To lack consciousness is to be dead. Unconsciousness is not lack of consciousness; it is lack of responsiveness.

Dreams are built from one's knowledge, desires and memories. We know we (not the neighbor) had the many and incongruous dream experiences during our sleep. This requires the existence of continued consciousness observing the comings and goings of dreams.

Awake, consciousness is aware of the manifest world, our shared world.
In sleep consciousness is aware of dreams, one's personal world.
In deep sleep consciousness is aware only of its singular (own) nature.

Thus upon waking we say, "I slept well" (knowing without doubt that we never left nor returned).
We know we were not absent, even without memory of the hours that have past.
We all have vast holes in our memories but no one says' "I do not remember therefore I was non-existent."

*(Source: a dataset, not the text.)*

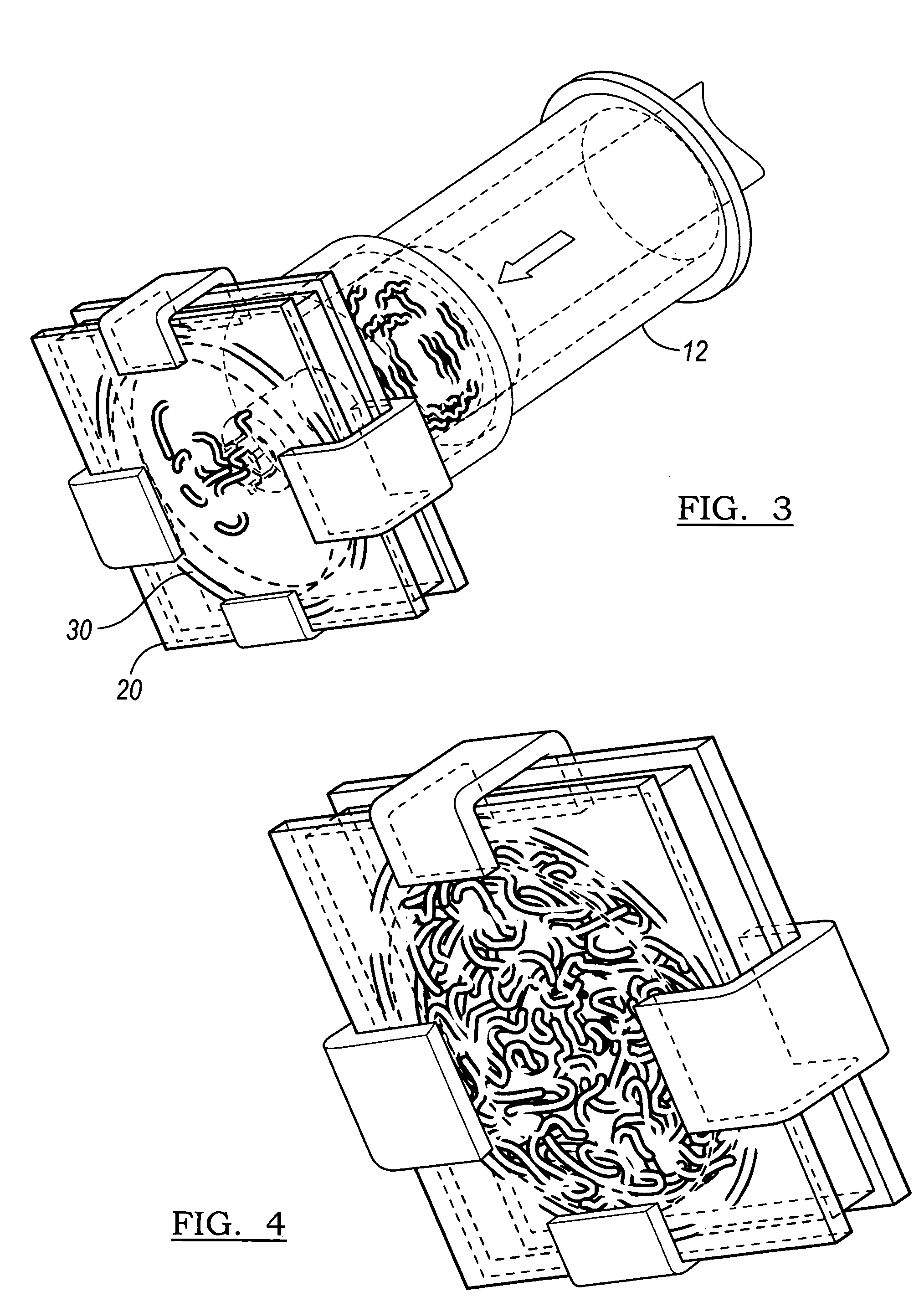 Method and apparatus for preparing bone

One can be fully confused in amnesia, waking up without any memories of one's life or identity.
But that does not negate one's existent-consciousness which remains aware of the confusion or lack of memories.
We do not keep one in a coma alive waiting for consciousness to return. We keep them alive waiting for awareness and responsiveness to return.

Memories come and go. I never know my consciousness to be absent.
The conscious "knower" exists with memories or without them. Memories do not birth consciousness, rather it is the reverse.

Awareness comes and goes; awareness wakes up; consciousness is constant, and thus can be aware of change.

 

Klaralven

(7,510 posts)
8. While you are asleep, you are aware, but not conscious
Fri Oct 1, 2021, 08:06 PM
Oct 2021

You are aware of your partner's shifting in the bed, causing you to adjust. You are aware that you are getting cold, leading you to awaken and get a blanket, interrupting the absence of consciousness for a short time. You are aware that your bladder is filling, and that you need a trip to the bathroom.

In other words, there is a low level processing of sensory information going on while you are unconscious.

Consciousness is like a bank's real time systems, accumulating and processing ATM transactions, interacting with teller stations in branches, and supporting web banking and mobile banking transactions. Dreaming is like the overnight batch processing where the day's transactions are batch processed on the mainframes in order to updated the transaction logs and account balances for each account. The realtime systems gain access to the updated data the next morning.

Being asleep or being "knocked out" is indistinguishable from being dead, except that since the electrochemical systems of the brain are still in working order, consciousness can be rebooted again.

Girard442

(6,063 posts)
4. I think the anthropic principle gets a bit of a bad rap.
Fri Oct 1, 2021, 06:07 PM
Oct 2021

We are here because we can be. If we couldn't, we wouldn't.

Imagine a reality where people fill the swimming pools in the backyard with molten lead. In their universe, do they marvel that lead melts at exactly the right temperature for swimming? Could it be some sort of plan?

Silent3

(15,142 posts)
5. The anthropic principle doesn't mean "We Were Meant to Be Here"
Fri Oct 1, 2021, 06:08 PM
Oct 2021

That's a very odd take on the idea, that the author doesn't justify at all.